The Australian balloon team will be represented by 3 pilots; Matthew Scaife, Nicola Scaife and Peter Wright. They will be travelling with our biggest and best team yet. All up there will be 16 team members, complete with independent wind-reading team, a photographer, a social media/tech support guru, a team manager and crew members for each balloon.
Australia will have the only husband and wife competing in the same championships. Nicola Scaife is the two time Women’s World Hot Air Balloon champion and Matthew Scaife is a two-time Australian Hot Air Balloon champion.
The team will be pushing the boundaries of what can be done with existing technology. In the hands of our pilots and ground crew will be a Microsoft Surface Pro with OziTarget navigational software. Will this be Hot Air Ballooning’s equivalent of the winged keel on Australia II that won us an America’s cup in 1983?
Our team preparation this year has included flying in the 2016 Japanese Grand Prix, which involves 5 competition ballooning events over the year.
Our team have previous experience competing in Saga Matt (3 times), Nicola (2 times), Peter (1 time) and Sean Kavanagh, Team Manager (9 times), our ground crew also has many years of experience. Saga is Australia’s second home when it comes to competition ballooning.
Meet The Team Opportunity:
The Australian Balloon Team will be at the annual Hunter Valley Hot Air Balloon Festival on 22 and 23 October 2016 which will see upward of twenty hot air balloons from all around the country launch at sunrise. This is a great opportunity for interviews, pictures and video.

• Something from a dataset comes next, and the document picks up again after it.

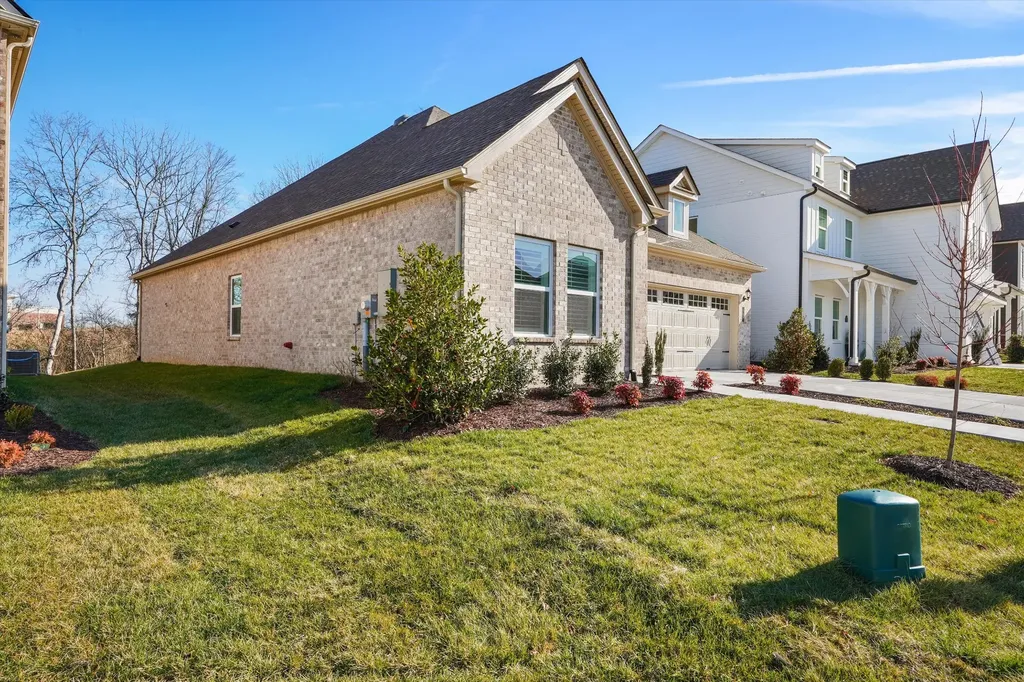 492 Triple Crown Circle Gallatin TN 37066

More about hot air balloon competition:
A hot air balloon competition requires competitors to score points by undertaking a number of set tasks, which are predetermined by an Event Director before a flight. This generally involves the pilot throwing a ‘marker’, a weighted streamer, at a target, usually a cross or road intersection with set coordinates. To get there the pilot needs to manoeuvre the balloon by using wind currents at various altitudes. Flying takes place in the morning and evening and the eventual winner is the pilot who has accumulated the most number of points over the week of flying.